- Extracted information:
§

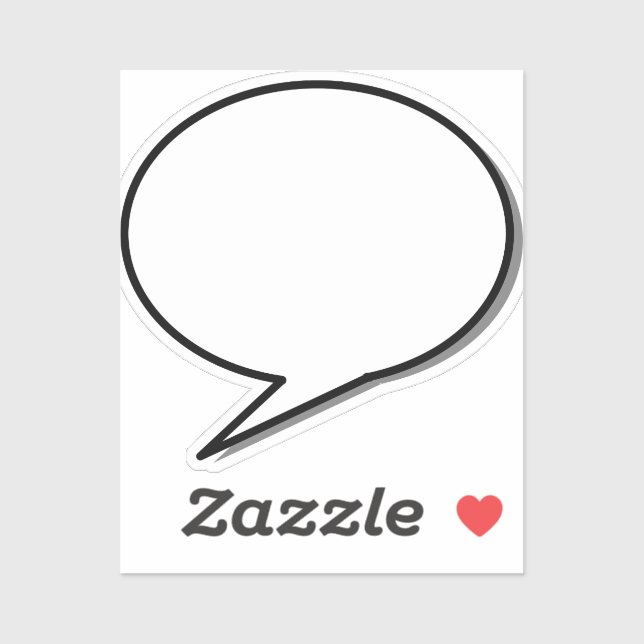 Adesivo forma de elipse-seta-bolha de fala (Folha)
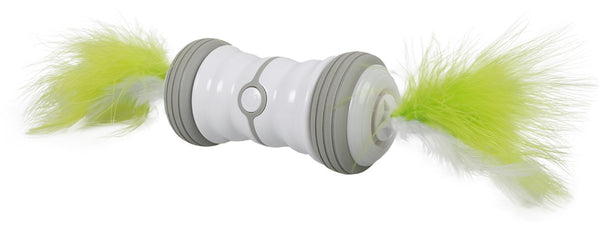 Ebi - speelgoed voor dieren - kat - double spinner 13x6x6cm wit groen - 1st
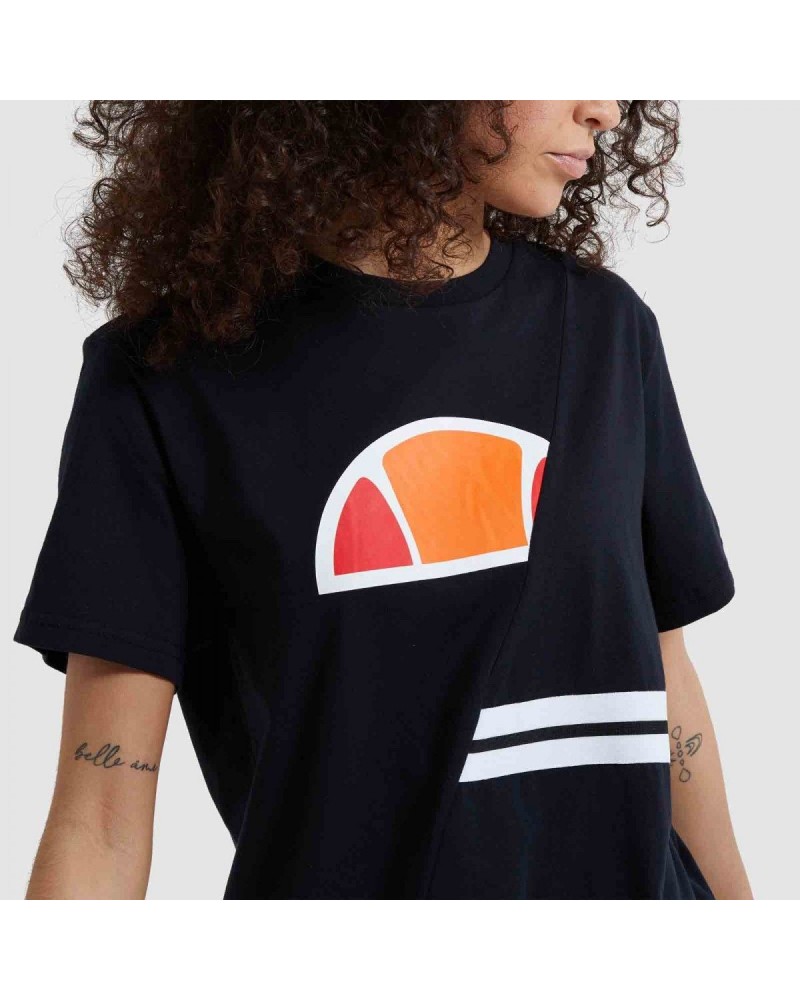 Camiseta chica Ellesse oversized Alibi black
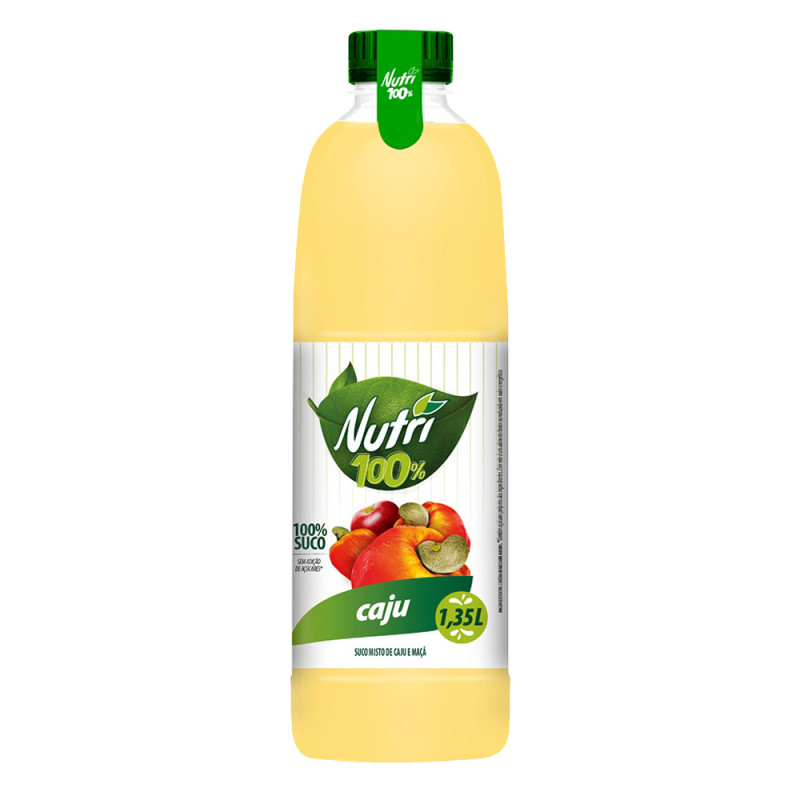 SUCO NUTRI 100% 1,35LT  CAJU - CX COM 6 UN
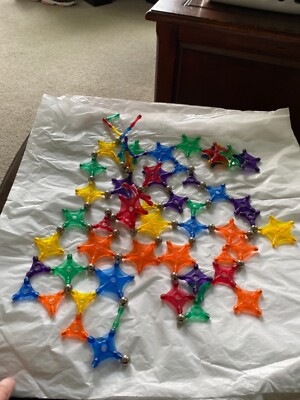 Goobi Triangles Goobi Lot of Many Assorted Pieces of Magnetic Construction Set | STEM ...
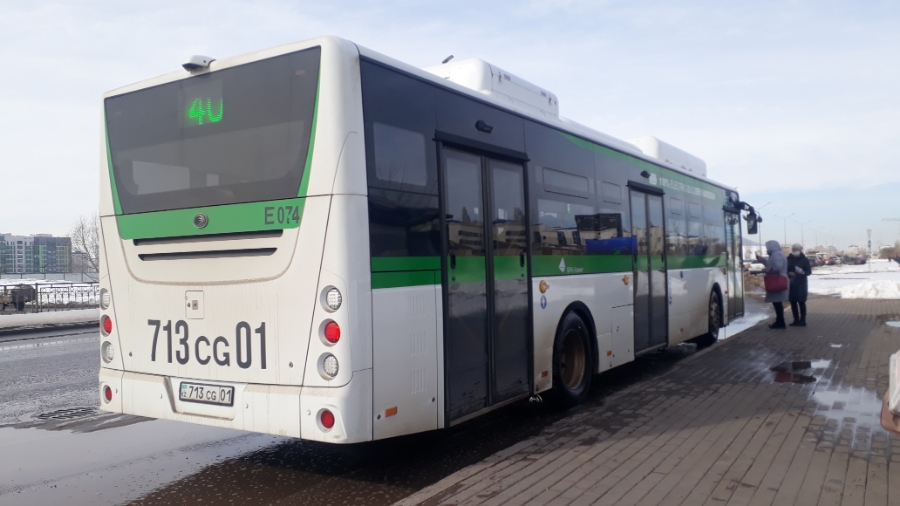 Астана, Yutong E12 (ZK6128BEVG) (СарыаркаАвтоПром) № E074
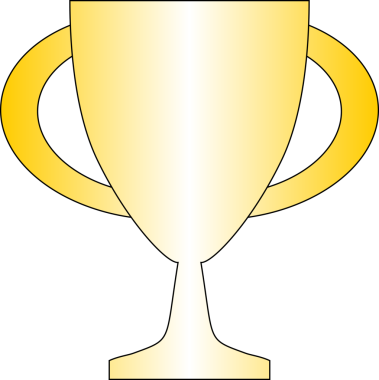 Kazanan kupa şeffaf arkaplan PNG üzerinde izole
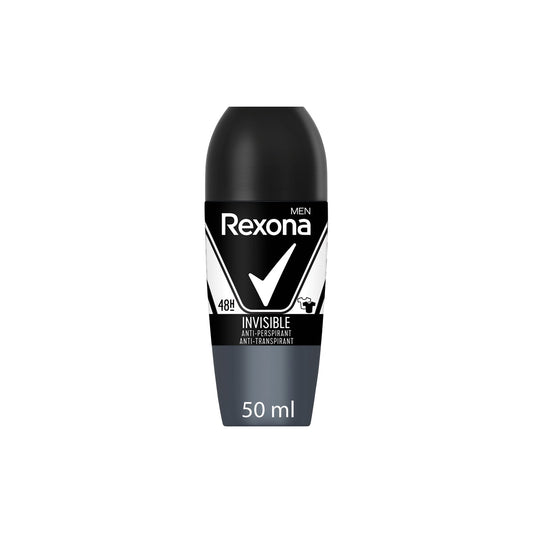 Rexona Men Roll-On Invisible Black + White Clothes 50 ml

§

- Instructions for the task: Excluding the pictures, write out exactly the lines from the line that contains "Ebi - speelgoed" through the end of the records.

- Final answer:
 Ebi - speelgoed voor dieren - kat - double spinner 13x6x6cm wit groen - 1st
 Camiseta chica Ellesse oversized Alibi black
 SUCO NUTRI 100% 1,35LT  CAJU - CX COM 6 UN
 Goobi Triangles Goobi Lot of Many Assorted Pieces of Magnetic Construction Set | STEM ...
 Астана, Yutong E12 (ZK6128BEVG) (СарыаркаАвтоПром) № E074
 Kazanan kupa şeffaf arkaplan PNG üzerinde izole
 Rexona Men Roll-On Invisible Black + White Clothes 50 ml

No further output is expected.